Af Örgütü’nün ‘yüz yüze’ çalışanları greve başladı

MUSTAFA KÖMÜŞ
Fotoğraf: Göksu Güncü

Uluslararası Af Örgütü’nün ‘yüz yüze’ çalışanları çalışma koşullarının iyileştirilmesi, ücret adaletsizliğinin giderilmesi, taşeron uygulamasının kaldırılması ve güvenceli çalışma talebiyle iş bıraktı. Çalışanlar, “İnsan hakları alanında çalışan bir kurumun taşeron çalıştırmasına karşıyız” diye konuştu.

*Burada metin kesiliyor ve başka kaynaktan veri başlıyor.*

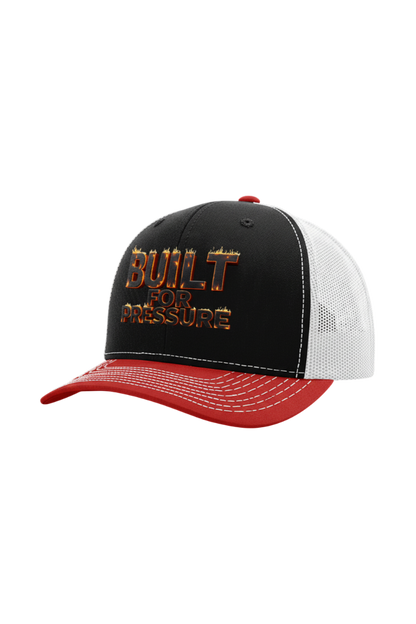 Black and red cap with 'Built for Pressure' text on a white background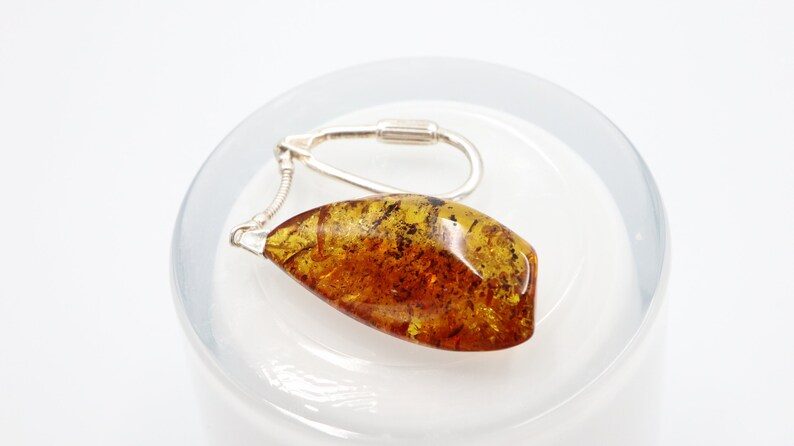 Natural Genuine Baltic Amber Key Chain with Fly Fossil Inside Amber Keychain 925 Sterling Silver Chain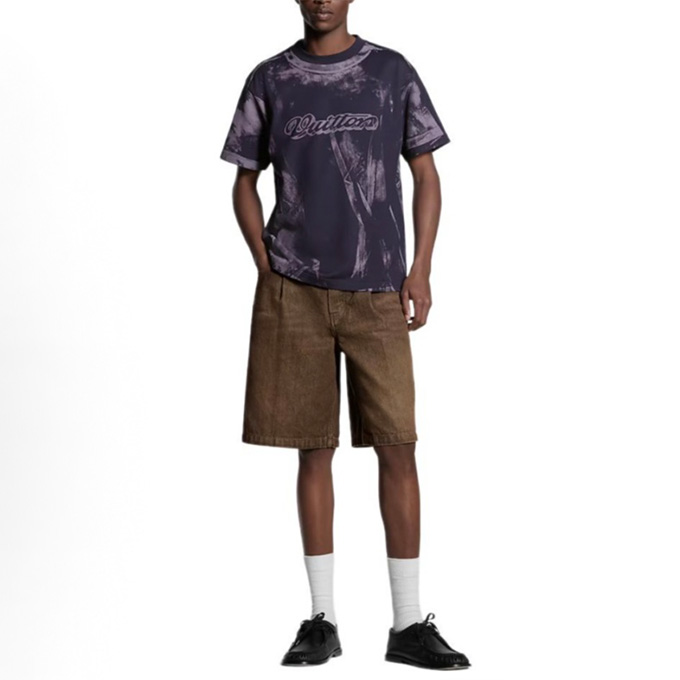 lv louis vuitton pleated silhouette denim shorts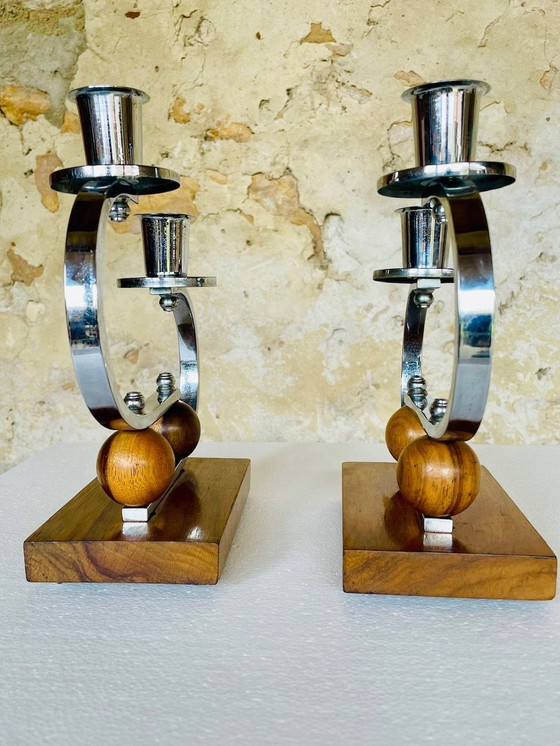 Image 1 of Art Deco, Chrom und Nussbaum-Kerzenhalter, 2er-Set, um 1930er Jahre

Sokaklarda insanlara Af Örgütü’nün çalışmalarını anlatan ve kampanyaların devamı için destek toplamaya çalışan 15 ‘yüz yüze’ projesi çalışanından 13’ü, örgütün kendilerini taşeron olarak çalıştırdığını ifade etti. Çalışanlar, 1961 yılından beri insan hakları için tüm dünyada kampanyalar yürüten Af Örgütü’nün, kendi çalışanlarının haklarını ihlal ettiğini belirtti.

‘Saha çalışanlarına ayrımcılık yapılıyor’
Hem fiziksel hem de psikolojik olarak yıpratıcı bir iş yapmalarına ve belki de en emekyoğun görevi sırtlanmalarına karşın emeklerinin karşılığını alamadığını söyleyen çalışanlar, “Buna ilaveten Af Örgütü çalışanları arasında ücret dengesinin söz konusu olmadığını, saha çalışanlarına yönelik ciddi bir haksızlık ve ayrımcılığın yaşandığını belirtmek durumundayız” dedi.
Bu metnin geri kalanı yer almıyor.